ALLGEMEINES UND GESCHICHTE


  
Die Schnitzelbank ist aus dem spätmittelalterlichen Bänkelsängertum und aus den Schmähgedichten der Barockzeit hervorgewachsen. Im Verlauf des 19. und 20. Jahrhunderts haben diese ihre besondere Basler Ausprägung erhalten. Die Schnitzelbank beschränkt sich in ihrer traditionellen Form auf das Vortragen von Versen, begleitet von Gesang oder Musik. Dazu gehören auch bildliche Darstellungen (Helgen). Diese können Karikaturen zeigen oder begleitende kurze Handlungen beinhalten. Die Abgrenzung zum Fasnachtsspiel wird da fliessend. Die vorgetragenen Verse werden zum Teil auch in gedruckter Form abgegeben. Die Schnitzelbank überschreitet hier wiederum die Grenze zum Narrenblatt, besonders wenn auf der Rückseite noch zusätzliche Verse sowie humoristische Inserate angebracht sind.
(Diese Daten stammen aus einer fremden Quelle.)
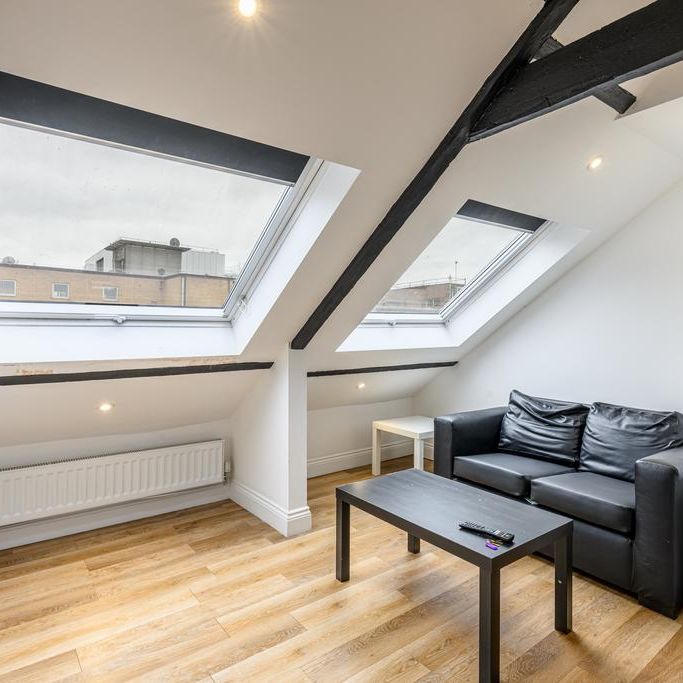Studio to rent - Photo 1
Die traditionelle Schnitzelbank besteht aus einzelnen gereimten Strophen oder Versen. Hohe Kunst ist es, wenn die Strophe mit einem Thema beginnt und in der Mitte mit einer ersten Pointe für Erheiterung sorgt, um hernach behandeltes Thema mit einem zweiten in Verbindung zu bringen und den Vers mit einer Pointe abzuschliessen, die das Publikum nun überhaupt nicht erwartet hat.
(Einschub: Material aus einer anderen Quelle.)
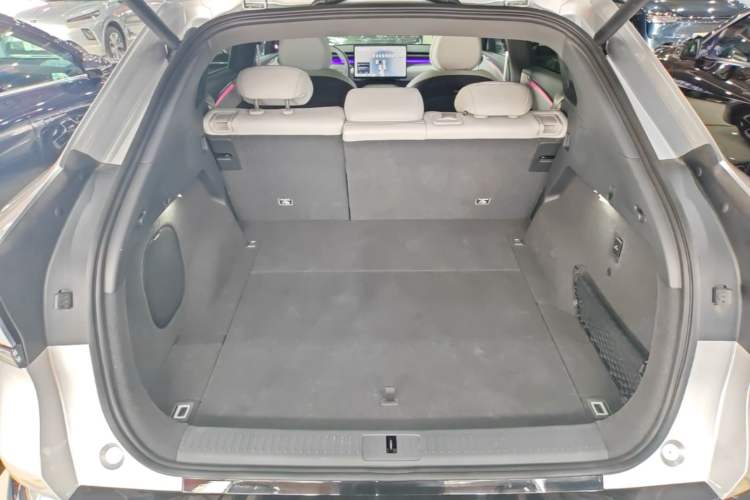 Used XPeng G7 2025 Model—702 Ultra Long Range Trunk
«Nächstenliebe» sorgt sporadisch für Schnitzelbank
Bereits ausgangs des 19. Jahrhunderts hatte die Basler Schnitzelbank Vorbildsfunktion und wurde in Uri vereinzelt zumindest in Altdorf gepflegt. Mit Schnitzelbänken trat ab 1906 – wenn auch mit Unterbrüchen, so aber doch mit einer gewissen Regelmässigkeit – die «Nächstenliebe» Altdorf in Erscheinung. Die 1920er-Jahre brachten eine Hochblüte nicht nur des Narrenblatts, sondern vor allem auch der Schnitzelbank. Verantwortlich hierfür war die «Nächstenliebe» Altdorf und vor allem der Kunstmaler Heinrich Danioth (1896–1953). 1920 malte er erstmals die Helgen für die «Nächstenliebe»-Schnitzelbank. Verseschmied war Forstadjunkt und späterer Ehrendoktor Max Oechslin (1893–1979). Offiziell hiess die Urheberschaft: «Bilder nicht von Hodler» sowie «Verse nicht von Busch». Sowohl Danioth als auch Oechslin waren keine Vereinsmitglieder und wurden zum Erstellen der Schnitzelbank beigezogen. Die Schnitzelbank wurde in der traditionellen Form mit Helgen, Reimen und begleitender Musik singend vorgetragen. Für die Sittenwärter und Moralisten war die Fasnacht 1920 zum Entsetzen, denn die Schnitzelbank der «Nächstenliebe» schonte nicht die Geistlichkeit. Das «Urner Wochenblatt» bezeichnete es denn auch als «Schmutzerei», wie «unser hochwürdigster Bischof» zur Narrenfigur herabgewürdigt wurde.
Auch im Jahre 1921 wurde vom gleichen Duo eine Schnitzelbank gestaltet. «Der Föhn» war in Altdorf das erste Erzeugnis, wo die Illustrationen nicht die gängigen allgemeinen Zeitungsklischees bildeten, sondern Danioths Holzschnitte selbst eine satirische Aussagekraft besassen. Das als Schnitzelbank bezeichnete Narrenblatt fand in der «Gotthard-Post» dann auch «lobende Erwähnung» und «niemand zum Leid, doch vielen zur Freud» gewirkt habe. Der Bilderschmuck fand allgemein Anerkennung, doch die Redaktion wusste dem Korrespondentenbericht noch anzufügen, dass allerdings auf literarisch-künstlerischem Gebiet die Meinungen auseinander gehen können: «De gustibus non est disputandum!»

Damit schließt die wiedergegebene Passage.